I have X and Y variables, as well as a cluster variable (State). X and State are derived from Database A, while Y and State are derived from Database B.
X is a sentiment score ranging between -1 and 1, while Y is a yes or no (0 or 1) response.
In Database A, I aggregate X into average-X by state, while in Database B, I aggregate Y into percentage-Y by state. Then I combine the two datasets as follows:
In the combined data structure, my new outcome is percentage-Y, while I do have the numerator and denominator that give rise to percentage-Y.
I have heard that from here – "The most natural way fractional responses arise is from averaged 0/1 outcomes. In such cases, if you know the denominator, you want to estimate such models using standard probit or logistic regression".
It seems since I do have the denominator information, I can avoid using the Fractional outcome regression and just stick with the standard Logistic regression.

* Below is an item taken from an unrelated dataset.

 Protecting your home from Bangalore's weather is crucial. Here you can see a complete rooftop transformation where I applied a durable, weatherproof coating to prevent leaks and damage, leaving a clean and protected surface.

However, how exactly can I model a logistic regression based on the denominator information?
First note that if you know the percentage and the denominator, then you also know the numerator. So, for example, if you know for a specific class (in your example, the class is state) that the ratio of positive to negative classes in a class is $0.6$, and the denominator of the ratio is $10$, then you immediately know that there are
- 6 positive (y = 1) cases in that class.
- 4 negative (y = 0) cases in that class.

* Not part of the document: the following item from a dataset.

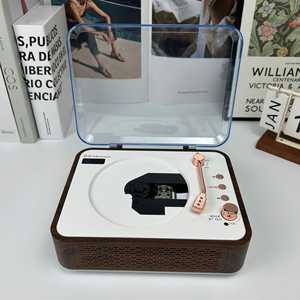 Factory Custom Vintage BT CD Player Portable Music Box High Fidelity Sound Wood Grain Finish Gift Music Lover Audio Device - Product Image 3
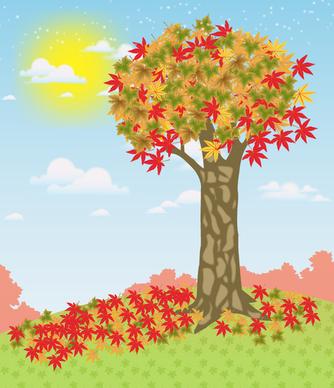 autumn drawing illustration with leaves and tree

With this information you can, in principle, create a new dataset expanding your grouped data. In this example you would end up with
- 6 rows for the class with $y = 1$.
- 4 rows for the class with $y = 0$.
Now you can use this new dataset to fit a logistic regression.

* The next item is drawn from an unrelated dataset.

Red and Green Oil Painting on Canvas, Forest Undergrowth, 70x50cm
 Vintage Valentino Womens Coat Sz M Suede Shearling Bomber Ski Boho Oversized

In practice, you simply observe that each row in this imaginary expanded data set contributes one term to the loss function
$$ L = sum_i y_i log(p_i) + (1 – y_i) log(1 – p_i) $$
and each of the expanded rows in a class where $y = 1$ contributes the same amount, with the same thing holding for the rows where $y = 0$. So, instead of actually physically creating the expanded data set, we can just apply integer weights to the terms in our loss function
$$ L = sum_i w_i y_i log(p_i) + w_i' (1 – y_i) log(1 – p_i) $$
where the $w$s and $w'$s are the number of positive and negative cases in each class.
- Solved – How to standard logistic regression model fractional response variable while denominator is available
- Solved – Response variable: percentage and too many zeros (zero inflated Poisson?)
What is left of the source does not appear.